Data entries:

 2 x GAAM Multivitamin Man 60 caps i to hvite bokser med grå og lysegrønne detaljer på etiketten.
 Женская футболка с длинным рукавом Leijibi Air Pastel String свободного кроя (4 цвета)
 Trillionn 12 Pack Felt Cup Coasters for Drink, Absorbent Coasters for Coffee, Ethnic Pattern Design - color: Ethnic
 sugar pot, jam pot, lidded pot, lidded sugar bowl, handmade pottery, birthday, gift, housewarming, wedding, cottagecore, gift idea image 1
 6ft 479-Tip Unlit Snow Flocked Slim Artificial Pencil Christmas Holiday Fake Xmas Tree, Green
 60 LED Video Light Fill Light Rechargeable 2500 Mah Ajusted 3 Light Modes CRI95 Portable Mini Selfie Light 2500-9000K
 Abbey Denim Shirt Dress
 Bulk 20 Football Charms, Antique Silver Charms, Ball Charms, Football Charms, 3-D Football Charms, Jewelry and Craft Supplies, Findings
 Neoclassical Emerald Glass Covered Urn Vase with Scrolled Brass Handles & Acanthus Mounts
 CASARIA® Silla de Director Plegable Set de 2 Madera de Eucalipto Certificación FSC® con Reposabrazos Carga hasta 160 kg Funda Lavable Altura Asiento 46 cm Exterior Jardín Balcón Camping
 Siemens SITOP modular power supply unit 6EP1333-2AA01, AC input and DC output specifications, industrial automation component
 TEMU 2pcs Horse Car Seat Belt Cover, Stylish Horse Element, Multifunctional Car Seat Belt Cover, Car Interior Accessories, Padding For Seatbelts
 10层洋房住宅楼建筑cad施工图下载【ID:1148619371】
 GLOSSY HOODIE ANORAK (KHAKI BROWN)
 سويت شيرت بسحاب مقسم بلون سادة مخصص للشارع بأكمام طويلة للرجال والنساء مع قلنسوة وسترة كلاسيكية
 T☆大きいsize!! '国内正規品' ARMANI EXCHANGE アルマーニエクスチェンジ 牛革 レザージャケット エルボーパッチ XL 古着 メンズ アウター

Goal of the exercise:
Every entry, written out exactly, is what the response should contain.

Finished task:
 2 x GAAM Multivitamin Man 60 caps i to hvite bokser med grå og lysegrønne detaljer på etiketten.
 Женская футболка с длинным рукавом Leijibi Air Pastel String свободного кроя (4 цвета)
 Trillionn 12 Pack Felt Cup Coasters for Drink, Absorbent Coasters for Coffee, Ethnic Pattern Design - color: Ethnic
 sugar pot, jam pot, lidded pot, lidded sugar bowl, handmade pottery, birthday, gift, housewarming, wedding, cottagecore, gift idea image 1
 6ft 479-Tip Unlit Snow Flocked Slim Artificial Pencil Christmas Holiday Fake Xmas Tree, Green
 60 LED Video Light Fill Light Rechargeable 2500 Mah Ajusted 3 Light Modes CRI95 Portable Mini Selfie Light 2500-9000K
 Abbey Denim Shirt Dress
 Bulk 20 Football Charms, Antique Silver Charms, Ball Charms, Football Charms, 3-D Football Charms, Jewelry and Craft Supplies, Findings
 Neoclassical Emerald Glass Covered Urn Vase with Scrolled Brass Handles & Acanthus Mounts
 CASARIA® Silla de Director Plegable Set de 2 Madera de Eucalipto Certificación FSC® con Reposabrazos Carga hasta 160 kg Funda Lavable Altura Asiento 46 cm Exterior Jardín Balcón Camping
 Siemens SITOP modular power supply unit 6EP1333-2AA01, AC input and DC output specifications, industrial automation component
 TEMU 2pcs Horse Car Seat Belt Cover, Stylish Horse Element, Multifunctional Car Seat Belt Cover, Car Interior Accessories, Padding For Seatbelts
 10层洋房住宅楼建筑cad施工图下载【ID:1148619371】
 GLOSSY HOODIE ANORAK (KHAKI BROWN)
 سويت شيرت بسحاب مقسم بلون سادة مخصص للشارع بأكمام طويلة للرجال والنساء مع قلنسوة وسترة كلاسيكية
 T☆大きいsize!! '国内正規品' ARMANI EXCHANGE アルマーニエクスチェンジ 牛革 レザージャケット エルボーパッチ XL 古着 メンズ アウター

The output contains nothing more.